Hay que controlar la cara que uno pone al entrar en una galería de última vanguardia o en una feria de arte contemporáneo
La vanguardia se quema las propias pestañas cada mañana. Hoy ya queda absolutamente antiguo el que Marina Abramovic comenzara a rendirse culto a sí misma masturbándose y defecando en público y representando su propio entierro. En la primavera de 2010 estableció una performance en el vestíbulo del MoMA que consistía en que la artista estaba sentada en una silla de madera en la que se había comprometido a permanecer todo el día, sin hablar, sin pestañear siquiera y por supuesto sin ir al baño. Frente a ella había otra silla dispuesta para que los espectadores pudieran sentarse uno a uno por riguroso turno para contemplar de cerca en silencio a la artista. Algunos estaban solo un par de minutos, pero otros aguantaban más de siete horas, ante la protesta de cuantos esperaban impacientes en una cola que daba la vuelta a la manzana. Quienes se sentaban frente a la artista juraban que habían experimentado una paz interior inenarrable. Algunos incluso lloraban. La performance fue el suceso artístico en Nueva York. Hoy quedaría muy paleto sentarse en esa silla, puesto que este espectáculo es superado diariamente por millones de chavales con sus memes y videojuegos cuya imaginación exhibicionista va mucho más allá de toda sorpresa. A cualquier escándalo lo quema otro escándalo tres minutos después, cuyo impacto se mide por el número de seguidores, siempre desmesurado.
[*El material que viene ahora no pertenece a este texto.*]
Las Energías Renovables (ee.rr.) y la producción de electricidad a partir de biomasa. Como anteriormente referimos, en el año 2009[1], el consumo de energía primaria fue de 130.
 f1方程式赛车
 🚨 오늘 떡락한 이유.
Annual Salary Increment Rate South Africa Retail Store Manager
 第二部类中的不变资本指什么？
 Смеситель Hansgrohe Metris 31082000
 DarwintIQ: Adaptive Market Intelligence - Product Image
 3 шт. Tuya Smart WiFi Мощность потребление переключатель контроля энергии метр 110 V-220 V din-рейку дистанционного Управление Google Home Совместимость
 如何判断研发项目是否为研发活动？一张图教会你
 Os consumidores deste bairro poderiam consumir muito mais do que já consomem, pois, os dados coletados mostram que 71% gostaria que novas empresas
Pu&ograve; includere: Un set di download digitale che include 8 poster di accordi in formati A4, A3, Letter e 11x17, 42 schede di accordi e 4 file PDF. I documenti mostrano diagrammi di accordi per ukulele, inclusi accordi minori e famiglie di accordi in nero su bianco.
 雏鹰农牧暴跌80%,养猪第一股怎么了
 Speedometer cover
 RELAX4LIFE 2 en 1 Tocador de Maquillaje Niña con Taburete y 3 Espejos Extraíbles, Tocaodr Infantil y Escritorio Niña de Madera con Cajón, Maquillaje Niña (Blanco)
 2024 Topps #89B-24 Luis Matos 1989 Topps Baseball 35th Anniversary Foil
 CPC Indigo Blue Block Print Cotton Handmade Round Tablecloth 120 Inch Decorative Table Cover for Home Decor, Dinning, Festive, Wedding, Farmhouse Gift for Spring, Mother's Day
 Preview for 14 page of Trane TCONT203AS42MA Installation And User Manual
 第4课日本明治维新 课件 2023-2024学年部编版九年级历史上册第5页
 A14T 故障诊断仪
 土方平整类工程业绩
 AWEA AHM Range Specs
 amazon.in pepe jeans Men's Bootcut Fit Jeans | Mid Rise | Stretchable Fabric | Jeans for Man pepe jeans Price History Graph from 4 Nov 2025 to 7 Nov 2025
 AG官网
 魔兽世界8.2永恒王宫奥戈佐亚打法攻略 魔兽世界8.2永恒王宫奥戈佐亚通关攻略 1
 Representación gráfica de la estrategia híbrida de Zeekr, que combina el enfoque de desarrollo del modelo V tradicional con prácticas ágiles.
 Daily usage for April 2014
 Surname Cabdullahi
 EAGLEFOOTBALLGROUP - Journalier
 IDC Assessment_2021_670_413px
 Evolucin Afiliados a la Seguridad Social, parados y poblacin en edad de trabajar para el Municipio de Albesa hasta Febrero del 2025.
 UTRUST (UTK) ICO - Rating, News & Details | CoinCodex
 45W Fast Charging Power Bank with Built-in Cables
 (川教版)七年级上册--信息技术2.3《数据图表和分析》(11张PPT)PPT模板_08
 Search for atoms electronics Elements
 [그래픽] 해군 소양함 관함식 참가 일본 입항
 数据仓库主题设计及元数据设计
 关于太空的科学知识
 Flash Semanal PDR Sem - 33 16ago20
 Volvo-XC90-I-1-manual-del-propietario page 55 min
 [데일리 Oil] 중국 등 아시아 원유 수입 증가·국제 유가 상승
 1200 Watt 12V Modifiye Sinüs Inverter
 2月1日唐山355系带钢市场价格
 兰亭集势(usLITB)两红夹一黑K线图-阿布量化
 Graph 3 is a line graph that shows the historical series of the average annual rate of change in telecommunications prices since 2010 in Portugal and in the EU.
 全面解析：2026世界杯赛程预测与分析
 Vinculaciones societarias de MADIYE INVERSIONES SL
¿Qué más queda por ver en el arte? Contaba Eduardo Arroyo que, recién llegado a París, en 1958, todavía con el pelo de la dehesa ibérico-leonesa, entró por casualidad en una galería, situada en el número 8 de la calle Miromesnil, donde se inauguraba una exposición surrealista organizada por el grupo de André Breton. Y allí pudo contemplar aquel nuevo ritual que en arte se llamaría happening. En medio de la galería había un enorme recipiente, en el que permanecía tumbada, desnuda, con los ojos cerrados, una joven modelo de carne y hueso. Aparecía casi sepultada por exquisitos manjares, entre los que había dos magníficos bogavantes entre sus piernas y el pubis. Los asistentes fueron invitados por el galerista a devorar aquellas viandas y unos los hicieron de forma concupiscente y otros como si se tratara de un acto de excelsa belleza. Al final de aquel banquete surrealista, sin más comentarios el público cogió el paraguas y el sombrero, volvió cada uno a su casa bajo la lluvia y la modelo durmiente se levantó y se fue a la ducha para quitarse de encima la mayonesa. Esta performance ya es un plato anodino en algunos restaurantes de Tokio y viene en la carta a un precio asequible. A Eduardo Arroyo no le sirvió de ejemplo el espectáculo. Con el tiempo fue un pintor en cuyo estudio cada lápiz ocupaba el lugar adecuado bajo un orden absoluto y él mismo pintaba sin quitarse los gemelos de oro de los puños de sus camisas, siendo este hecho mucho más surrealista que untar la salsa romesco en los senos de aquella modelo desnuda.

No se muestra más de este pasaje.